The incoming spiritual head of the world's Anglicans Justin Welby on Thursday said that the Church of England will eventually include women bishops despite a vote this week rejecting such a move.
"It's clear that women are going to be bishops in the Church of England," Welby, the incoming Archbishop of Canterbury, told journalists after an event in the Nigerian capital Abuja, adding later: "Absolutely no question on that."
Tuesday's vote followed years of wrangling between traditionalists and liberals that exposed bitter divisions in the 85-million strong worldwide Anglican communion, as well as in its mother church.

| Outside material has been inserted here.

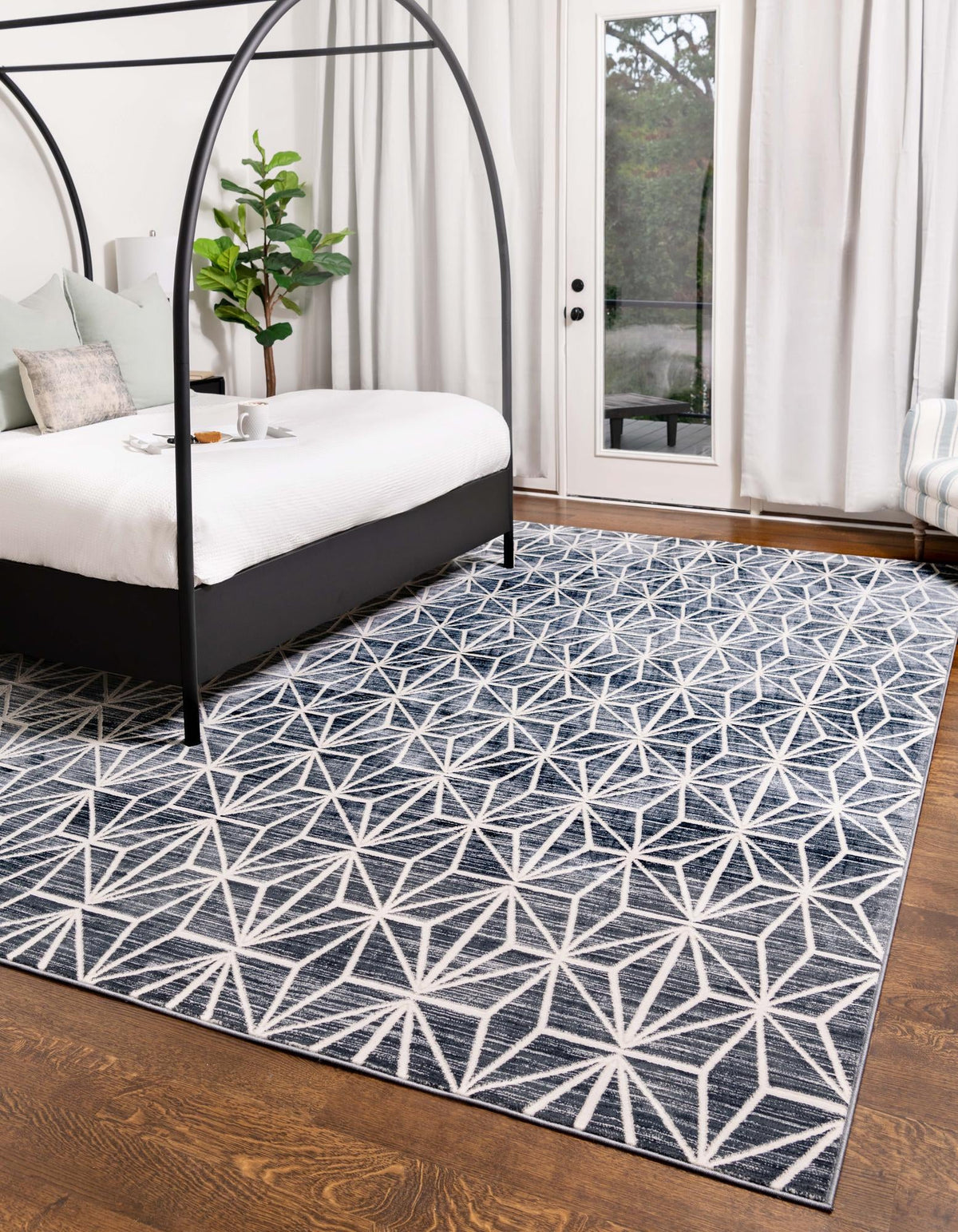 Metro Heights Collection Area Rug -  Hudson Rectangle Navy Blue  lifestyle 6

The current archbishop of Canterbury, Rowan Williams, has accused elements inside England's state church of being "wilfully blind" to the trends of wider society after its governing body, the General Synod, failed to pass the legislation by a razor-thin margin.
The proposals needed a two-thirds majority in each house of the 470-member General Synod - composed of bishops, clergy and ordinary lay churchgoers - but fell short by just six voters among the laity.
The vote was one final setback for Williams, a liberal, wordy theologian, who steps down in December after 10 years of battles to keep the Church's factions united.
The result was also a blow to the authority of his more evangelical successor Welby, the bishop of Durham.
The former oil company executive, who was in Abuja along with former British prime minister Tony Blair as part of an initiative to improve Muslim-Christian relations, was named on November 9 and will be enthroned on March 21.
The Church of England, which separated from the Roman Catholic Church in 1534, claims that more than 40 percent of people in England regard themselves as members.
The wider Anglican communion's first woman bishop was appointed in the United States in 1989 and there are now 37 worldwide.
The proposals would have allowed a woman bishop to delegate duties to a stand-in male bishop if a parish rejected her authority.
But some supporters of women bishops voted against the proposal as they felt this plan was a messy compromise.
The Church of England will not formally be able to raise the plans again until 2015 when a new General Synod comes in.
However, there is a complex, caveat-laden back route by which the church's top ranks could revive the initiative in July next year or even as early as February.
The move would be its biggest change since allowing female priests 20 years ago. Around a third of the clergy in the Church of England are women.